The makeshift homes are made of bamboo, mud and thatch. The fire left only 300 of the more than 1,500 homes standing, said Home Ministry spokesman Mod Raj Dotel.
The government has offered $50,000 in relief to the refugees left without homes in the fire. The Red Cross and the United Nations High Commissioner for Refugees office are assisting with tents and non-food items.
The Goldhap refugee camp is home to a total of 14,000 refugees. It is one of seven camps in southeastern Nepal where 106,000 refugees from neighboring Bhutan are housed.
The refugees of ethnic Nepalese origin have been living in the camps since 1992 after Bhutan's government expelled them because it says they are non-nationals.

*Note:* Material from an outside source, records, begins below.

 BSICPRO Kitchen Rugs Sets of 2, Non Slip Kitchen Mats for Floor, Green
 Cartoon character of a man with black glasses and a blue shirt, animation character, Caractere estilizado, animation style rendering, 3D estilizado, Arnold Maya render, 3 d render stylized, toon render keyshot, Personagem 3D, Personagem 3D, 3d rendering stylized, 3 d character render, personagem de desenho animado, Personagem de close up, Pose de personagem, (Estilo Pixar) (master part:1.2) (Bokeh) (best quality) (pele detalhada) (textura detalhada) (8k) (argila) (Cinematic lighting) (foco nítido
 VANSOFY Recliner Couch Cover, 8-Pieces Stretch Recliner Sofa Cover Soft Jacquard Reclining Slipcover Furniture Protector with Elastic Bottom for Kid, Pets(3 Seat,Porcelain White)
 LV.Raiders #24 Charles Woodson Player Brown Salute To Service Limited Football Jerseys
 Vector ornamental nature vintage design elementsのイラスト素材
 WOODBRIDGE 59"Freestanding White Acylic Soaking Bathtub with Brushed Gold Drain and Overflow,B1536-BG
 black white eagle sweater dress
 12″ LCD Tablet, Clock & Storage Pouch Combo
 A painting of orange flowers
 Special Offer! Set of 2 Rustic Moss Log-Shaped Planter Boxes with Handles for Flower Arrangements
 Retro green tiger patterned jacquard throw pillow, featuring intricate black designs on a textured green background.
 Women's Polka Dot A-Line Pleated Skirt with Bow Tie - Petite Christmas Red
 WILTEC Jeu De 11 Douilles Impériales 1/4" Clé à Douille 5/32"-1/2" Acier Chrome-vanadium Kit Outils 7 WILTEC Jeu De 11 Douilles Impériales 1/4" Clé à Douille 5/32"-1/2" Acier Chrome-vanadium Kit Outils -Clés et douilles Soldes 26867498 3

Bhutan is considered one of the world's most isolated countries and the government strictly regulates foreign influences, including tourism, to preserve the country's Buddhist culture.
Bhutan allegedly stripped the minority ethnic Nepalis of their citizenship and forced them into exile in an attempt to create a homogenous culture, according to the independent non-governmental group Human Rights Watch.
Many of them have taken up arms and have launched a violent Maoist rebellion, the group said. Bhutan and Nepal are separated by a strip of land belonging to India.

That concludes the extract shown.